** Supplied information follows **

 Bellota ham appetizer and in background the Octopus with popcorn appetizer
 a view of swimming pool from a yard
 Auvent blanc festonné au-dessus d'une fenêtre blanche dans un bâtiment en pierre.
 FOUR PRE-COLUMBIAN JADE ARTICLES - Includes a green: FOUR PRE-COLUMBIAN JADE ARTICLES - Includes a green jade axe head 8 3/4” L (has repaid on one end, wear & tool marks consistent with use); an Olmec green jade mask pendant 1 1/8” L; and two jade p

** End of Supplied information **

Transcribe the data. Leave every line exactly as it is.

 Bellota ham appetizer and in background the Octopus with popcorn appetizer
 a view of swimming pool from a yard
 Auvent blanc festonné au-dessus d'une fenêtre blanche dans un bâtiment en pierre.
 FOUR PRE-COLUMBIAN JADE ARTICLES - Includes a green: FOUR PRE-COLUMBIAN JADE ARTICLES - Includes a green jade axe head 8 3/4” L (has repaid on one end, wear & tool marks consistent with use); an Olmec green jade mask pendant 1 1/8” L; and two jade p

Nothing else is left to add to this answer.